### What needs to be done
Print the lines from the one containing "Overdyed Distressed Vintage" through the end of the material below, both included, exactly as they appear and without pictures.

### Given data

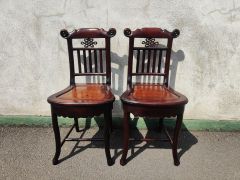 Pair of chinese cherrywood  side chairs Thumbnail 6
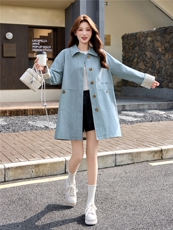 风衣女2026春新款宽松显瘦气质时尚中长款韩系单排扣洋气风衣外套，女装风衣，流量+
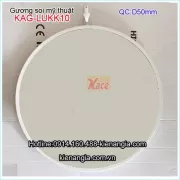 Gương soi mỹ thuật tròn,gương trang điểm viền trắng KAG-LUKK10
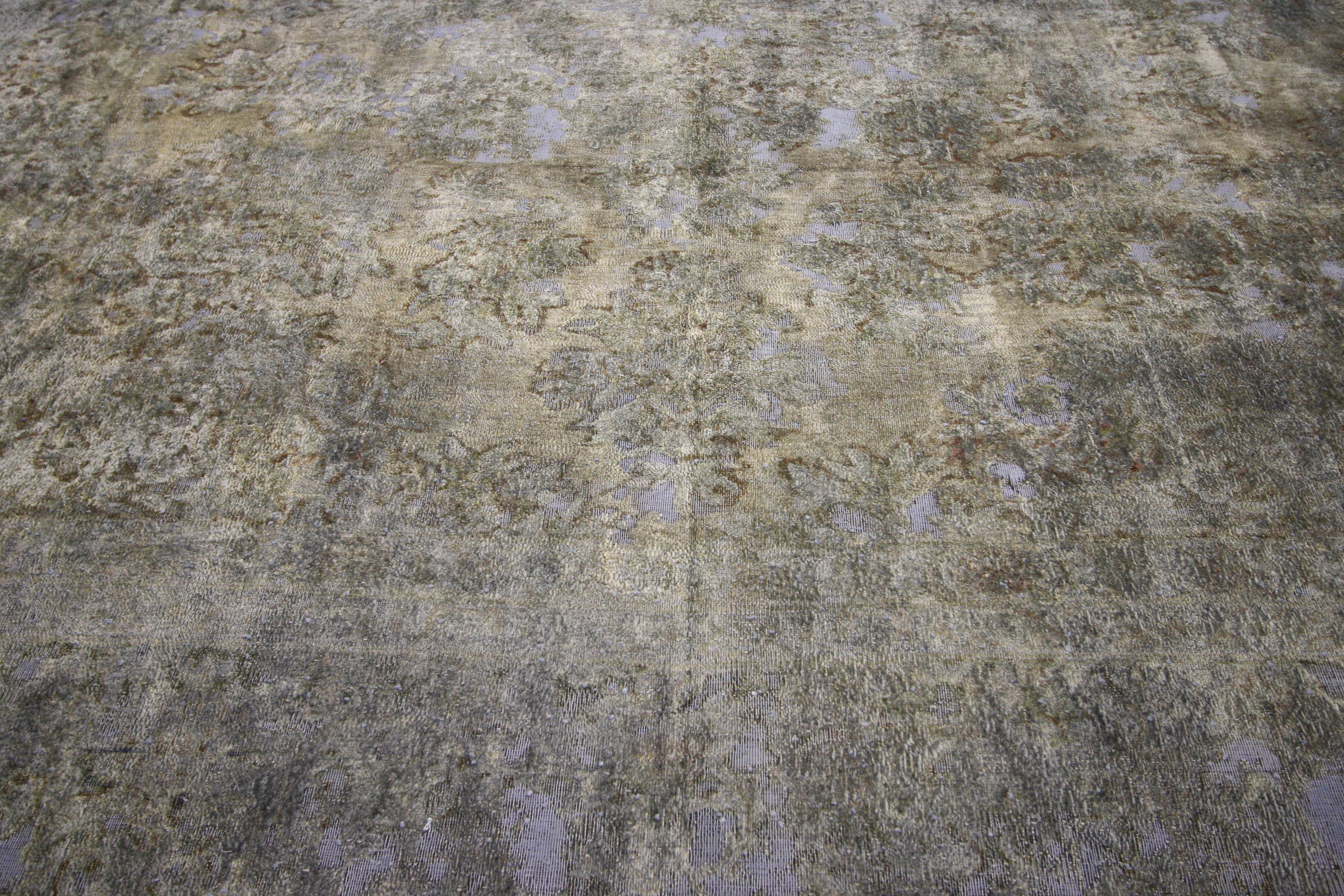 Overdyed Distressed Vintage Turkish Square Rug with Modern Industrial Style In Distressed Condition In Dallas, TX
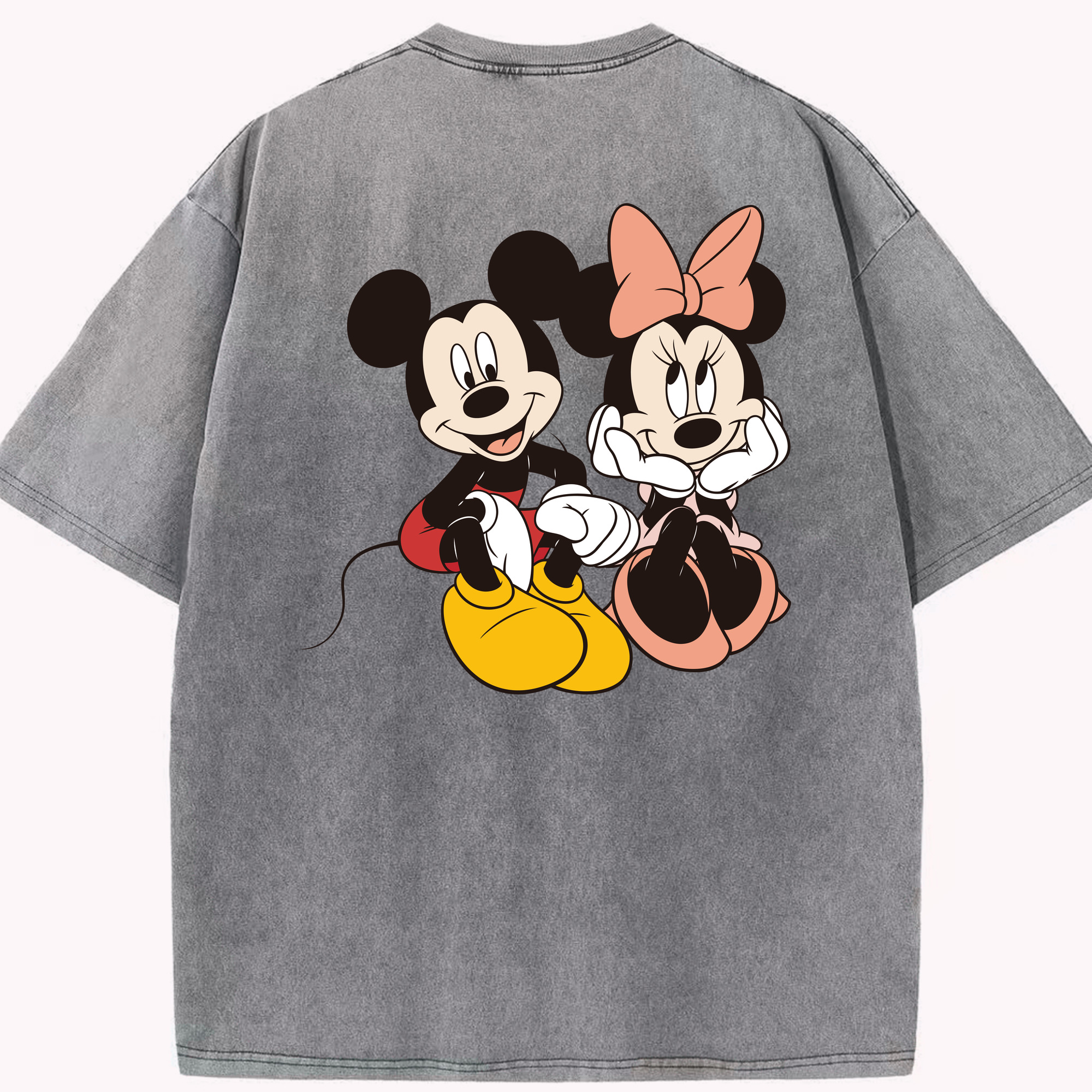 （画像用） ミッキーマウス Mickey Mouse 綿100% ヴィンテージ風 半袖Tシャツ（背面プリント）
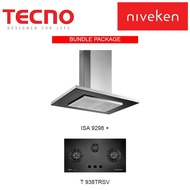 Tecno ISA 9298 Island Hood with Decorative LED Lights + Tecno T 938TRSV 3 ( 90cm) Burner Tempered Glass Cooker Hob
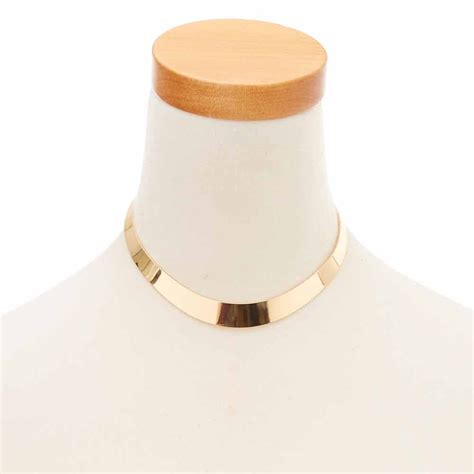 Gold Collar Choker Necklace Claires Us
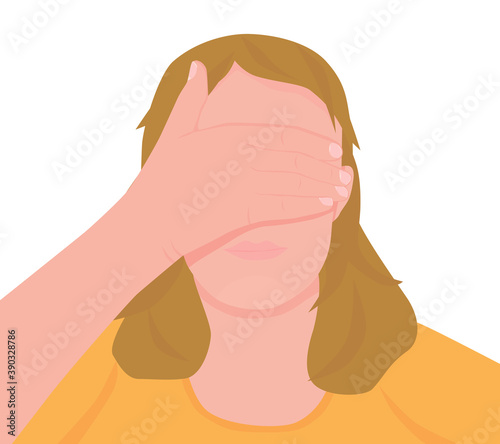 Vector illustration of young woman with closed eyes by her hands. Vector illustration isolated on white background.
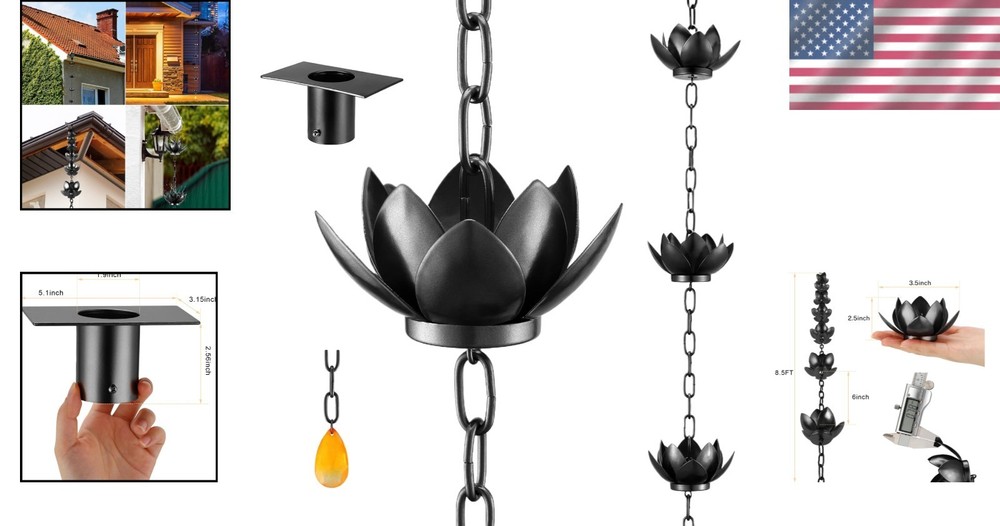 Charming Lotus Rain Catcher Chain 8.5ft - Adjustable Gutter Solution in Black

### Response to the exercise
 Overdyed Distressed Vintage Turkish Square Rug with Modern Industrial Style In Distressed Condition In Dallas, TX
 （画像用） ミッキーマウス Mickey Mouse 綿100% ヴィンテージ風 半袖Tシャツ（背面プリント）
 Tecno ISA 9298 Island Hood with Decorative LED Lights + Tecno T 938TRSV 3 ( 90cm) Burner Tempered Glass Cooker Hob
 Gold Collar Choker Necklace Claires Us
 Vector illustration of young woman with closed eyes by her hands. Vector illustration isolated on white background.
 Charming Lotus Rain Catcher Chain 8.5ft - Adjustable Gutter Solution in Black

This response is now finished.